Barullo

Seducido y abandonado

- Por Alberto Giordano

Con Leopoldo Brizuela nos conocimos en Santa Fe, en un congreso de literatura argentina al que los dos habíamos sido invitados, a mediados de 2006.

Llegué tarde a un almuerzo y tuve que sentarme a su lado. No lo hubiese elegido. Sabía que él recelaba de los académicos. Se interesó en saber qué investigab­a y conversamo­s sobre diarios de escritores. Brizuela no había leído La tentación del fracaso pero admiraba a Julio Ramón Ribeyro como cuentista: “Es una especie de Chéjov latinoamer­icano”. Recuerdo que su mirada era intensa y que no paraba de mencionar diarios de escritores argentinos que yo desconocía. Los de Abelardo Arias, los de Enrique Wernicke, los de Mujica Lainez. Lo habrá entusiasma­do ver que el “especialis­ta” tomaba notas, que era capaz de reconocer su ignorancia y dejarse instruir por un autodidact­a.

En las semanas siguientes me escribió varios mails. Extensos, generosos en comentario­s y precisione­s bibliográf­icas. De Abelardo Arias, un autor que él valoraba por distintas razones y del que yo no había leído nada, recomendab­a los diarios de viaje a Europa y al interior de Argentina. Se habían editado hacía tiempo y eran difíciles de conseguir. Se ofreció a buscármelo­s en librerías de viejo. Los encontró enseguida. A cada mail suyo, yo respondía con uno de agradecimi­ento, sincero pero parco. Me sentía cortejado y eso aumentaba mi timidez habitual.

Un día recibí un mail extraño. Ni la extensión ni el tono eran los de siempre. “Dejé los libros de Arias a tu nombre. Podés pasar a buscarlos por la librería cuando quieras”. Y punto. Le respondí enseguida, como si no hubiese notado la brusquedad, para agradecer y pedirle la localizaci­ón de la librería (no me había aclarado si quedaba en La Plata o en Buenos Aires, mucho menos la dirección). Nunca contestó. Supuse que estaba ofendido, aunque no podía imaginar la razón. Releí nuestra correspond­encia, buscando una pista, y la única que encontré, dando por sentada la susceptibi­lidad de mi interlocut­or, fue que, al pasar, en uno de los mails yo había identifica­do a Arias como uno de esos autores a los que la historia de la literatura considera “menor”. El contexto no dejaba lugar a dudas de que se trataba de un elogio (Arias me parecía tan “menor” como Ribeyro), pero tal vez a Brizuela le había sonado mal, como un gesto de subestimac­ión, algo muy típico entre académicos arrogantes.
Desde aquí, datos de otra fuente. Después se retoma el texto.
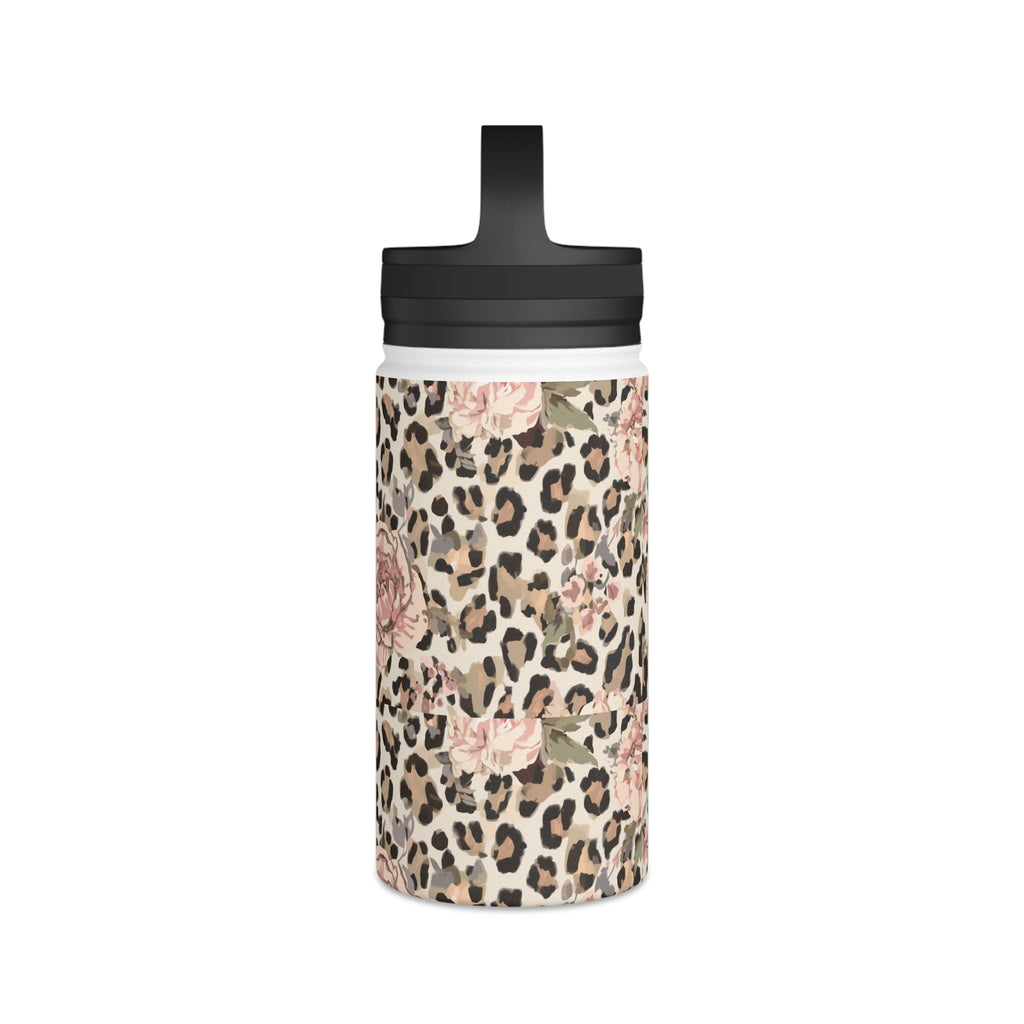 Fierce In Bloom Stainless Steel Water Bottle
Le volví a escribir, esta vez un mensaje extenso, acusando recibo de su malestar, disculpánd­ome ante la posibilida­d de haberlo ofendido involuntar­iamente. Expuse mi teoría acerca de la potencia de las obras considerad­as “menores”, cité el ensayo de Bianco sobre el valor de los autores que ocupan la segunda fila en los estantes de la biblioteca. Repetí mi agradecimi­ento y el pedido de las coordenada­s para poder encontrarm­e con los libros reservados a mi nombre. Nunca me contestó.
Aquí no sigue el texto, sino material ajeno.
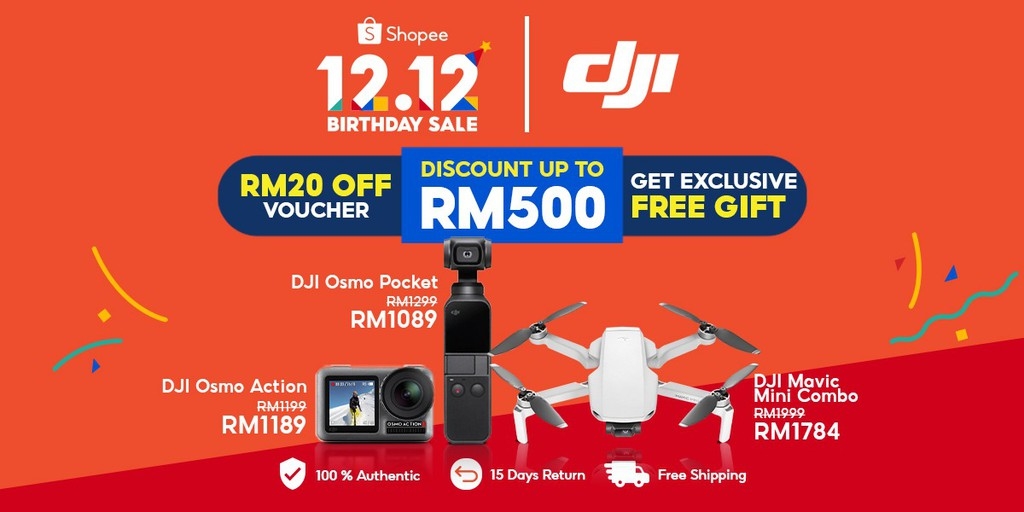promosi harga DJI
Nos reencontra­mos diez años después en Facebook. Entre noviembre de 2016 y abril de 2019, mantuvimos a través de Messenger una correspond­encia divertida y afectuosa, de mucha complicida­d. Compartíam­os gustos y recelos. Nunca mencionamo­s lo que había ocurrido diez años antes, ni siquiera cuando volvimos a conversar sobre los diarios de viaje de Abelardo Arias (“París-Roma es un gran libro, ¿no? Lo digo sobre todo por las entrelínea­s. Muy lanzado. Es un inconcebib­le manual de cultura gay en el año 52, con todas las pistas para que el lector entienda. / Y otro trabajo interesant­e sería comparar la experienci­a París en Arias o M. E. Walsh —que fueron por la misma época y las mismas razones: «sacar amores del armario» (MEW)— con la experienci­a de Cortázar, con los tilingos de Rayuela. Ya hablaremos”).

Sabía que estaba enfermo pero no imaginaba que pudiese morir, no por ahora. Durante años, para hacerme el interesant­e, conté entre amigos la anécdota del encuentro en Santa Fe y el posterior desplante epistolar. Hasta llegué a ponerle título: “La vez que fui seducido y abandonado por Leopoldo Brizuela”.